Various hypotheses try to explain the anticonvulsive and mood stabilizing effects of valproate. Among them, amplification of GABAergic inhibition and reduction of membrane excitability is favored. Here we show that superfusion with 0.1-1 mM valproate induced a moderate intracellular acidification of BCECF-AM-loaded CA3-neurons (hippocampal slices, guinea pig) which was measured as the difference between intracellular pH before (baseline pH(i)) and during valproate treatment (deltapH(i)). In two groups of neurons treated with 1 mM and 0.1-0.5 mM, deltapH(i) values amounted to 0.20 +/- 0.10 and 0.10 +/- 0.04 (deltapH(i) +/- S.D.), respectively, suggesting a dependence on the used valproate-concentration. DeltapH(i) did not correlate with the baseline pH(i).
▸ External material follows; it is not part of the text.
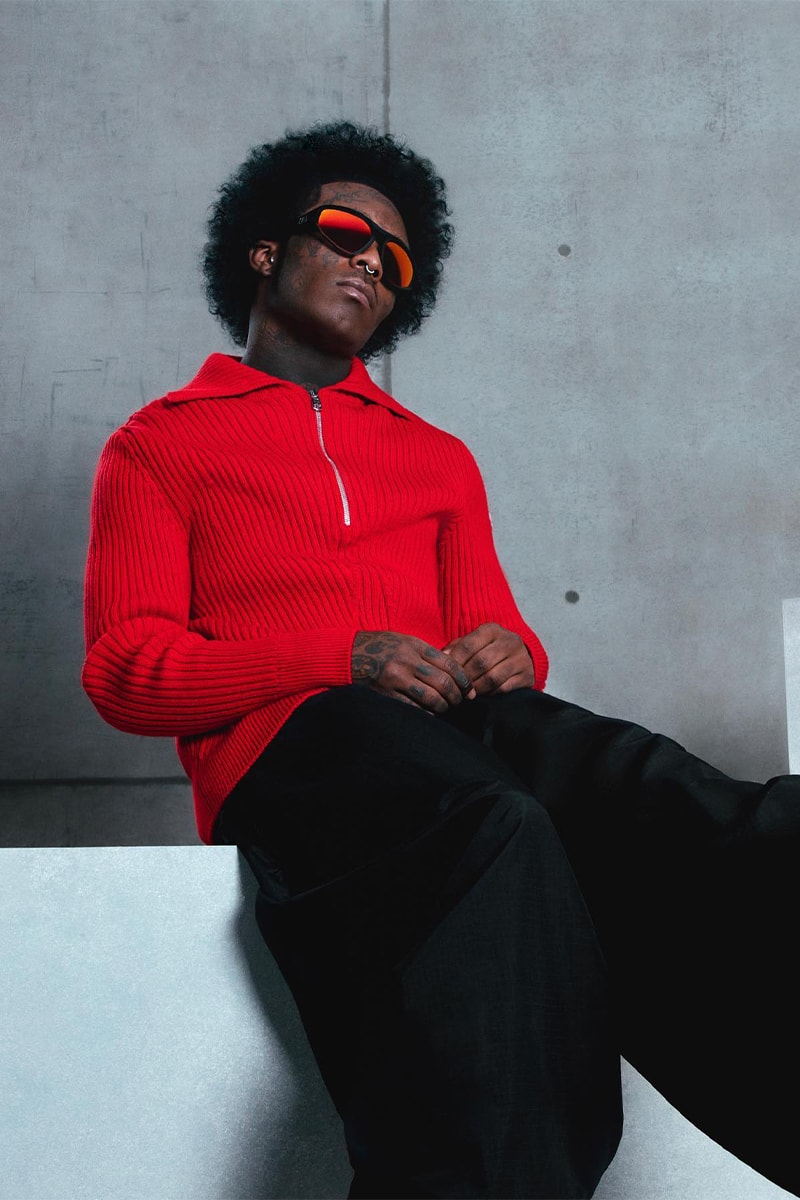 Lil Uzi Vert Fronts Moncler Lunettes Fall/Winter 2022 Campaign sunglasses balaclava ski mask atheltic sunglasses winter salomon sports rapper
Furthermore, the acidification seems to be independent from an activation of postsynaptic GABA-A receptors, as it was not influenced by 0.1 mM picrotoxin. Since our previous studies clearly demonstrated a reduction of membrane excitability during moderate intracellular acidification, we suggest that the valproate-mediated intracellular acidification may substantially contribute to its anticonvulsive and mood stabilizing properties.